» Prompt
In the entries below, which lines run from the one with "pmonk4ever's user image" through the one with "Cisne (Cygnus olor) chapoteando en el agua"? Repeat exactly those, both included, and no pictures.

» The data
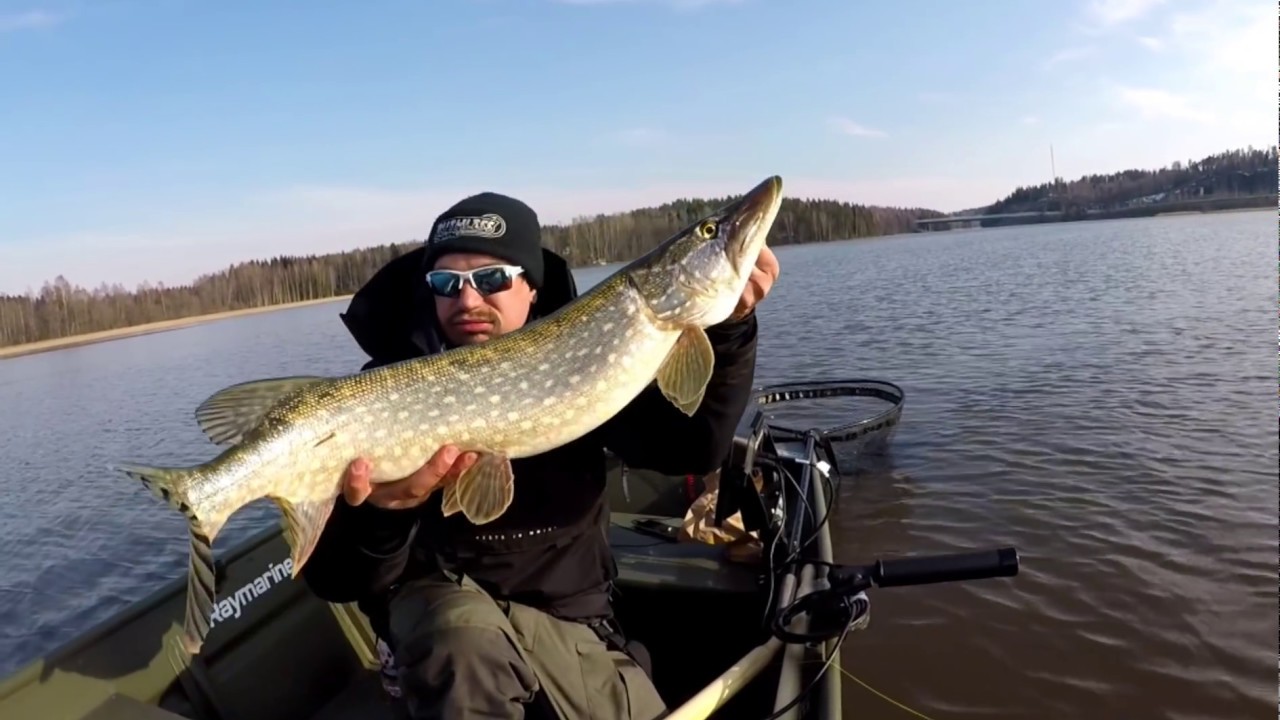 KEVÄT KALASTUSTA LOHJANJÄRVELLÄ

* * *

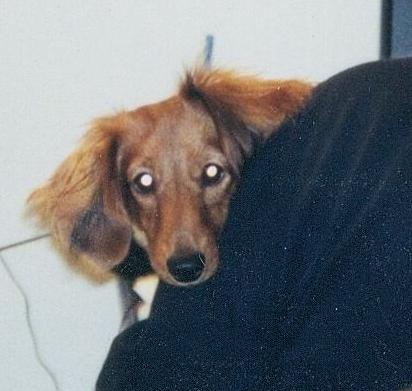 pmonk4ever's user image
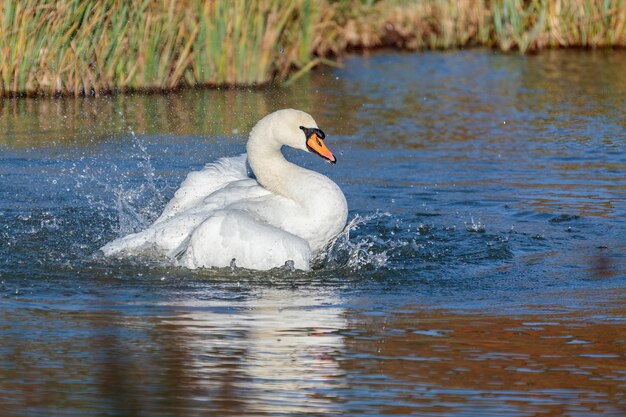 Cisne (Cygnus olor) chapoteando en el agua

» Final answer
 pmonk4ever's user image
 Cisne (Cygnus olor) chapoteando en el agua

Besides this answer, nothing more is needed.